▶ [SUPPLIED DATA]:

-=-=-=-=-

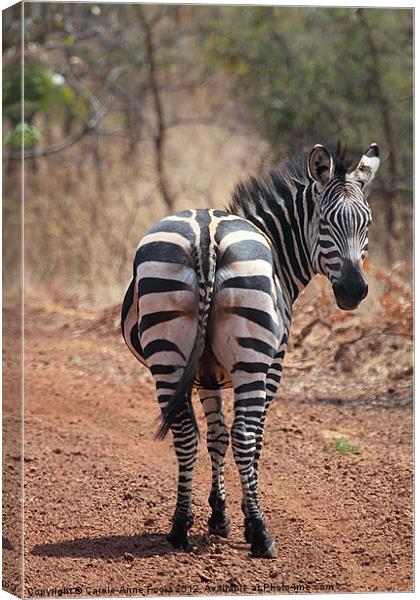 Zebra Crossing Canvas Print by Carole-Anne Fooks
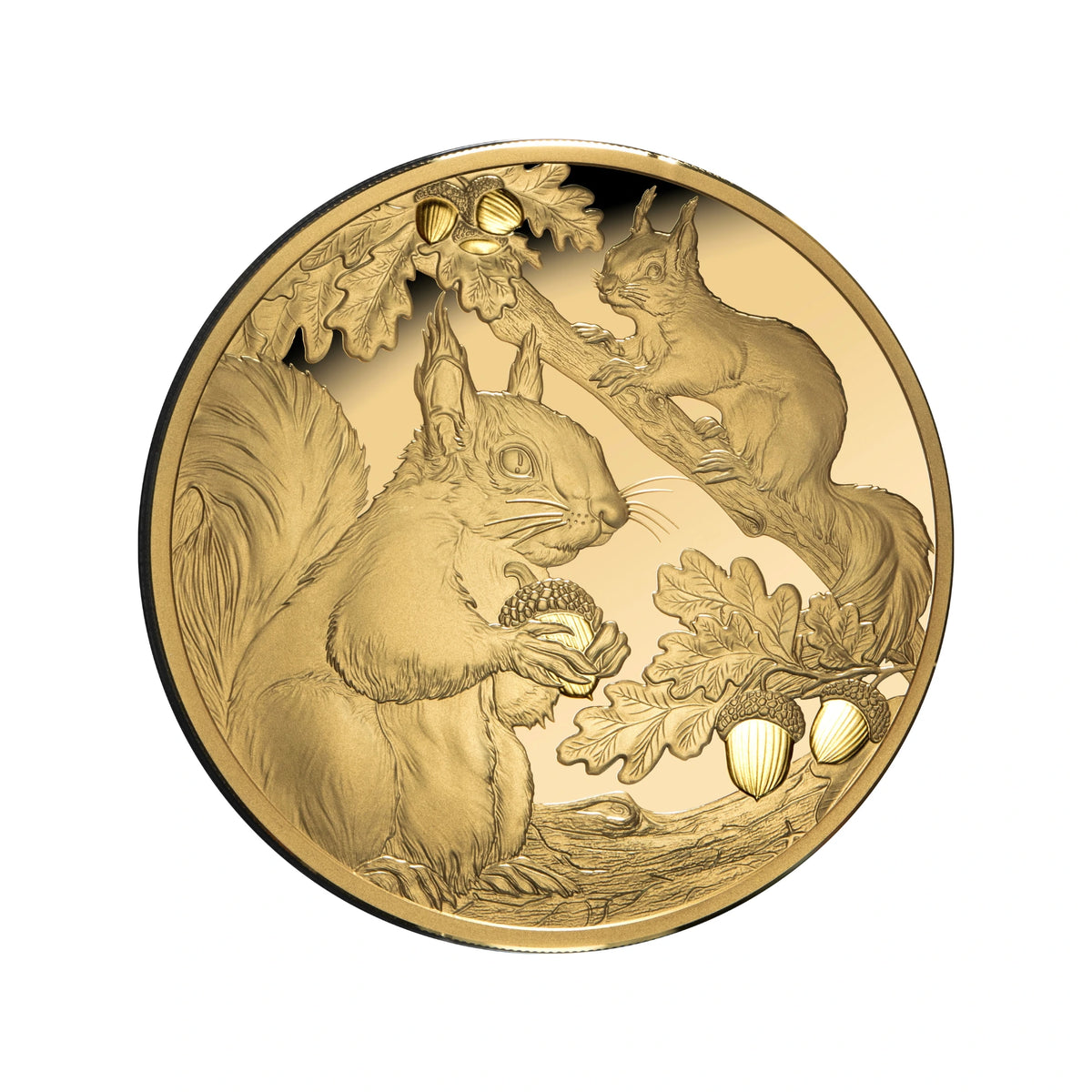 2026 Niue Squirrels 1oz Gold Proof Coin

-=-=-=-=-

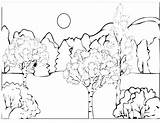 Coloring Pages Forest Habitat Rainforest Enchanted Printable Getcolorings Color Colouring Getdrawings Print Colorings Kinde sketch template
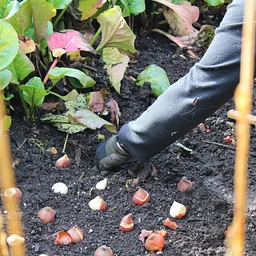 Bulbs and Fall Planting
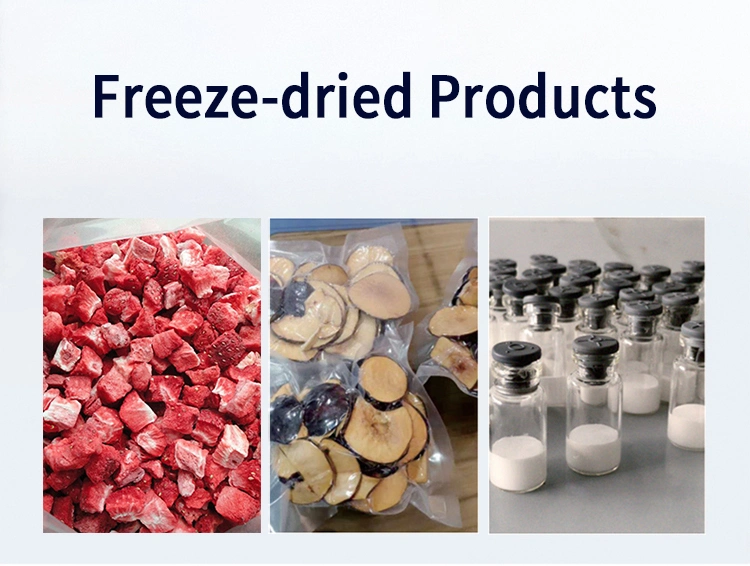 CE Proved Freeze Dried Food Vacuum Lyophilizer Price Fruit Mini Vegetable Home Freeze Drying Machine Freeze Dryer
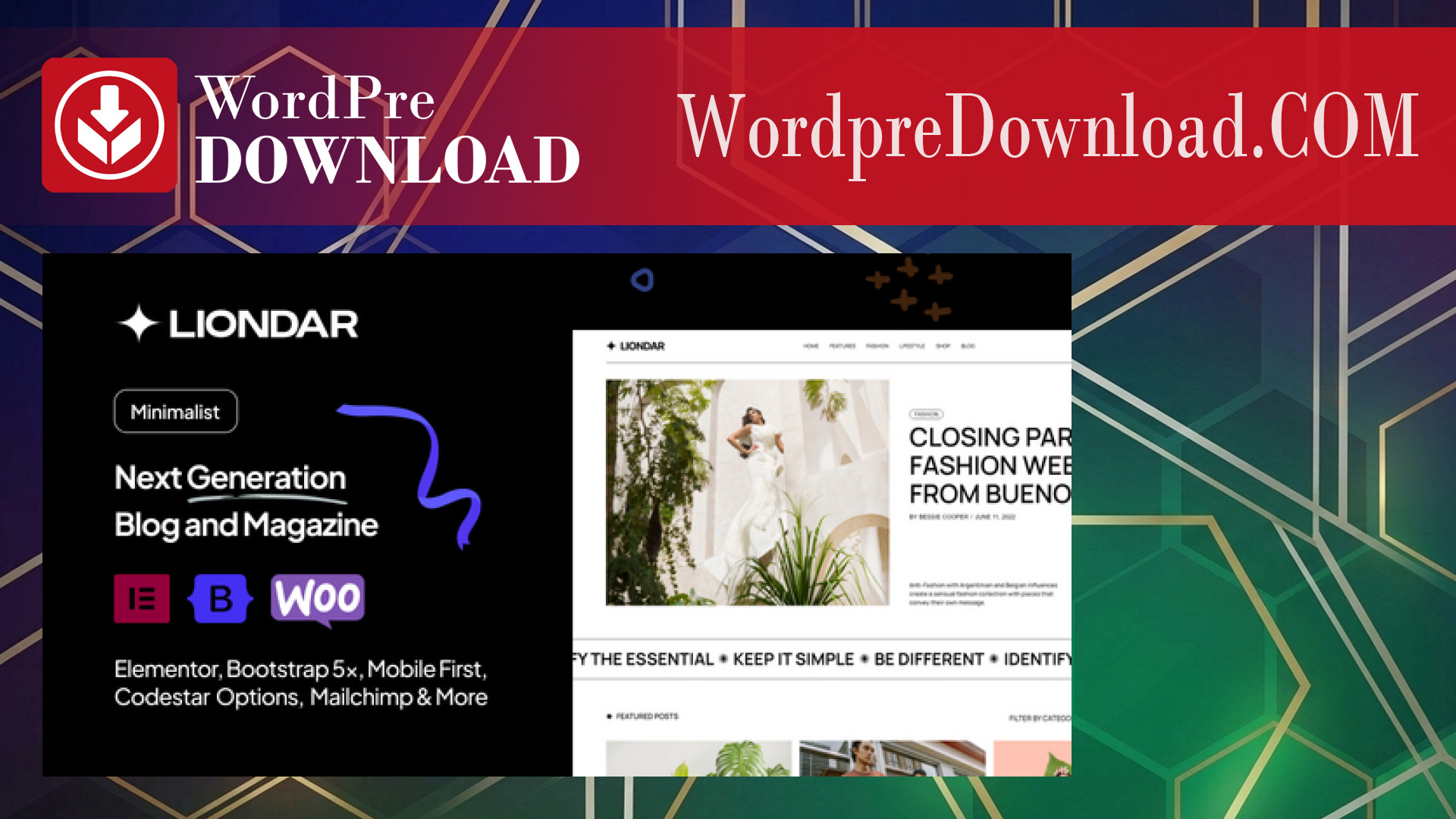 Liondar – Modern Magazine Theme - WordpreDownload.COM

-=-=-=-=-

▶ [TASK STATEMENT]: Keep to the lines above from the line with "CE Proved Freeze" to the line with "Liondar – Modern", and set down exactly those, inclusive, with nothing else and every picture left out.

▶ [REPLY TO THE TASK]:
 CE Proved Freeze Dried Food Vacuum Lyophilizer Price Fruit Mini Vegetable Home Freeze Drying Machine Freeze Dryer
 Liondar – Modern Magazine Theme - WordpreDownload.COM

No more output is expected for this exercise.